- [PROBLEM TO SOLVE]
What you return must match the records below character for character, except that no picture appears.

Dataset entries
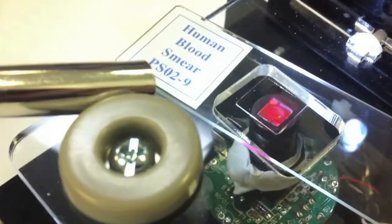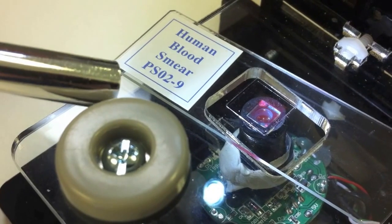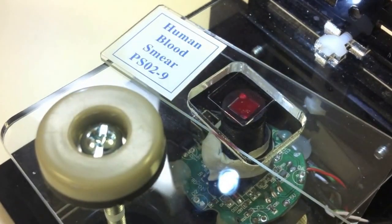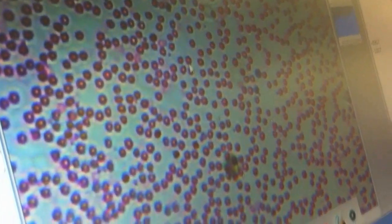That's amazing! Yeah, so with polarization filters there could be more experimenting done. But I can look at these pre-prepared blood samples and see the blood cells. That's not a bad shot.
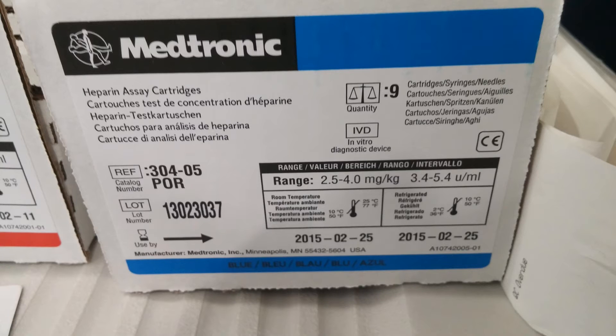Round the target heparin concentration generated by the HDR up to the next 0.5 milligrams per kilogram, and choose an appropriate heparin assay cartridge in which that target ACT falls in the middle of its range. The heparin assay cartridges work by utilizing various known quantities of protamine in each of their wells. By comparing this information with the known quantities from the HDR curve, the HMS Plus is able to accurately calculate the current heparin concentration and provide the required heparin dose to maintain the target concentration.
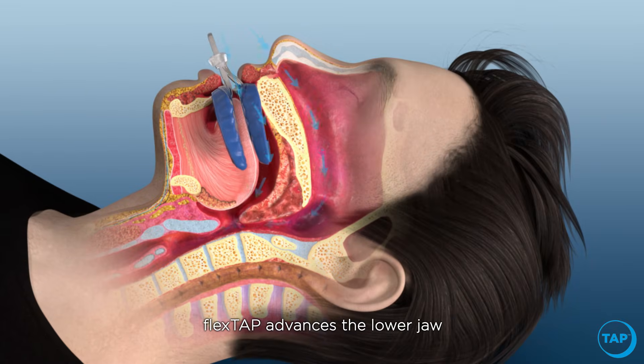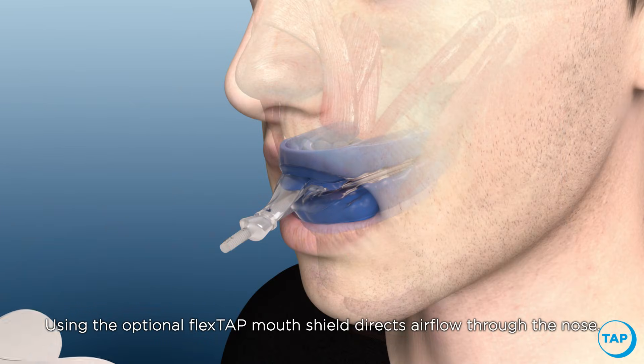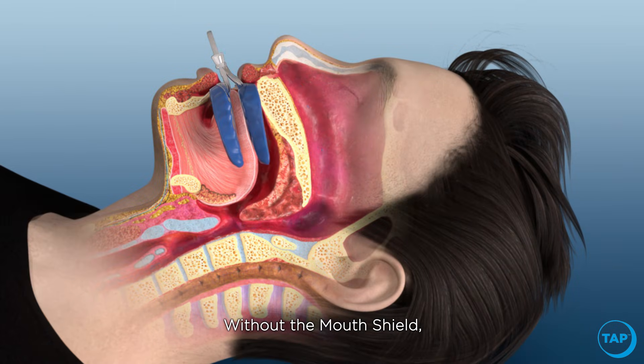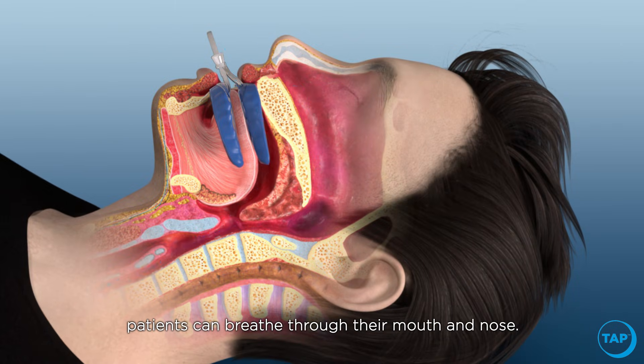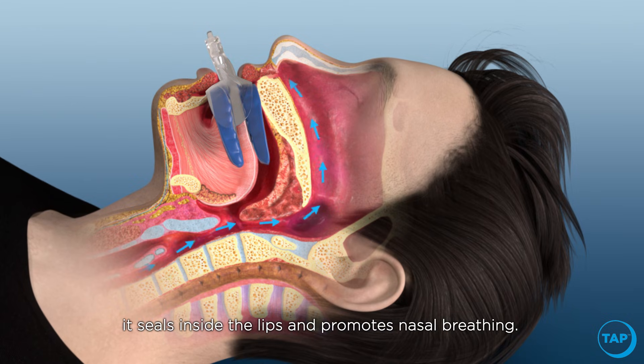Flex Tap advances the lower jaw into a comfortable position that opens the airway and prevents sleep apnea. Using the optional Flex Tap mouth shield directs airflow through the nose. Without the mouth shield, patients can breathe through their mouth and nose. By sliding the mouth shield over the post, it seals inside the lips and promotes nasal breathing.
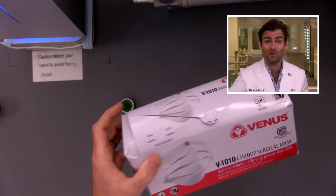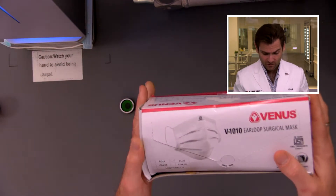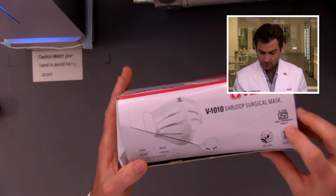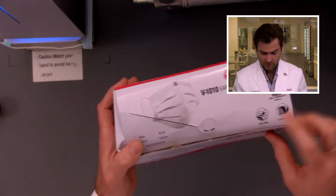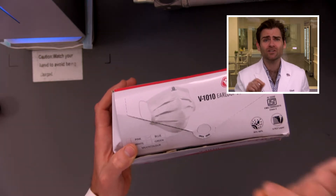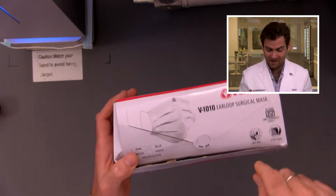You need both fit and filtration when considering the right type of mask to wear. The Venus mask seems to be a pretty legit brand — they're doing powered respirators and everything. This is the V1010 ear loop surgical mask, class two. They're saying a BFE of 98%, but bacterial filtration is not really important when it comes to COVID — you need to look for PFE. I think this is misleading.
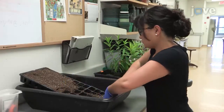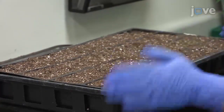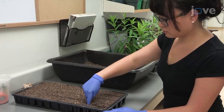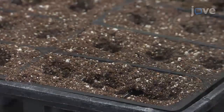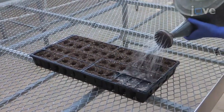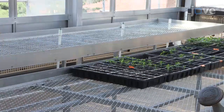Begin by filling a standard seedling tray with germination mixed soil, taking care that the soil reaches the top of the wells. When all of the wells have been filled, make a 3 cm deep hole in the soil of each well and place one seed into each hole. Water the cells until the soil covering the seeds is saturated and place the tray in a greenhouse with daily to every other day watering to maintain a moderate soil moisture level.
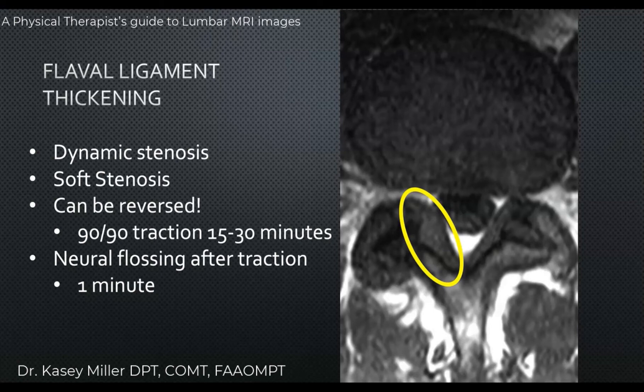The good news is this can be reversed. The flavum ligament can be thinned out by performing traction in a 90/90 position for 15 to 30 minutes. That prolonged traction helps thin the flavum ligament by stretching it apart, reducing that dynamic stenosis. After traction, we have patients perform neural flossing immediately — only for one minute — and this should not cause any pain.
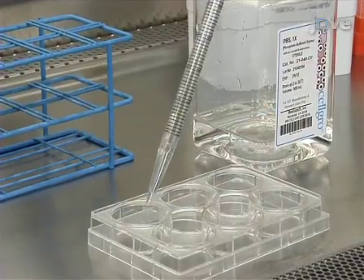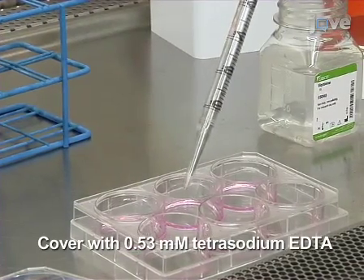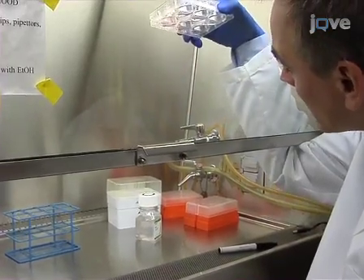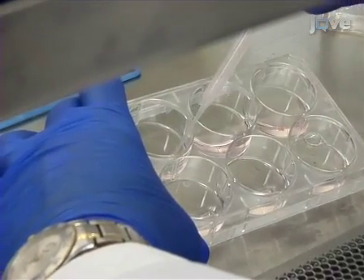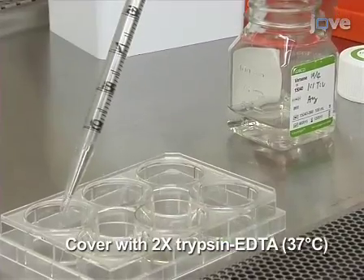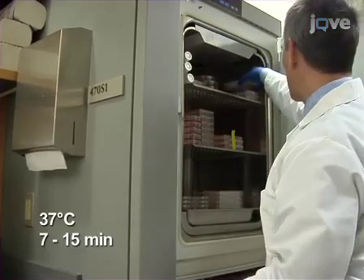To passage the stem cells, the feeder cells must be removed first. Wash the cells once with PBS and add enough room temperature 0.53 millimolar tetrasodium EDTA to cover the cells. Incubate at room temperature for 5 minutes. After the incubation, gently shake the dish and the 3T3-J2 feeder cells will detach. Aspirate off the feeder cells and rinse the plate of stem cells with PBS once. Then add enough pre-warmed 37 degrees Celsius 2x trypsin-EDTA to each well to cover the cells.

- [EXERCISE ANSWER]
That's amazing! Yeah, so with polarization filters there could be more experimenting done. But I can look at these pre-prepared blood samples and see the blood cells. That's not a bad shot.
Round the target heparin concentration generated by the HDR up to the next 0.5 milligrams per kilogram, and choose an appropriate heparin assay cartridge in which that target ACT falls in the middle of its range. The heparin assay cartridges work by utilizing various known quantities of protamine in each of their wells. By comparing this information with the known quantities from the HDR curve, the HMS Plus is able to accurately calculate the current heparin concentration and provide the required heparin dose to maintain the target concentration.
Flex Tap advances the lower jaw into a comfortable position that opens the airway and prevents sleep apnea. Using the optional Flex Tap mouth shield directs airflow through the nose. Without the mouth shield, patients can breathe through their mouth and nose. By sliding the mouth shield over the post, it seals inside the lips and promotes nasal breathing.
You need both fit and filtration when considering the right type of mask to wear. The Venus mask seems to be a pretty legit brand — they're doing powered respirators and everything. This is the V1010 ear loop surgical mask, class two. They're saying a BFE of 98%, but bacterial filtration is not really important when it comes to COVID — you need to look for PFE. I think this is misleading.
Begin by filling a standard seedling tray with germination mixed soil, taking care that the soil reaches the top of the wells. When all of the wells have been filled, make a 3 cm deep hole in the soil of each well and place one seed into each hole. Water the cells until the soil covering the seeds is saturated and place the tray in a greenhouse with daily to every other day watering to maintain a moderate soil moisture level.
The good news is this can be reversed. The flavum ligament can be thinned out by performing traction in a 90/90 position for 15 to 30 minutes. That prolonged traction helps thin the flavum ligament by stretching it apart, reducing that dynamic stenosis. After traction, we have patients perform neural flossing immediately — only for one minute — and this should not cause any pain.
To passage the stem cells, the feeder cells must be removed first. Wash the cells once with PBS and add enough room temperature 0.53 millimolar tetrasodium EDTA to cover the cells. Incubate at room temperature for 5 minutes. After the incubation, gently shake the dish and the 3T3-J2 feeder cells will detach. Aspirate off the feeder cells and rinse the plate of stem cells with PBS once. Then add enough pre-warmed 37 degrees Celsius 2x trypsin-EDTA to each well to cover the cells.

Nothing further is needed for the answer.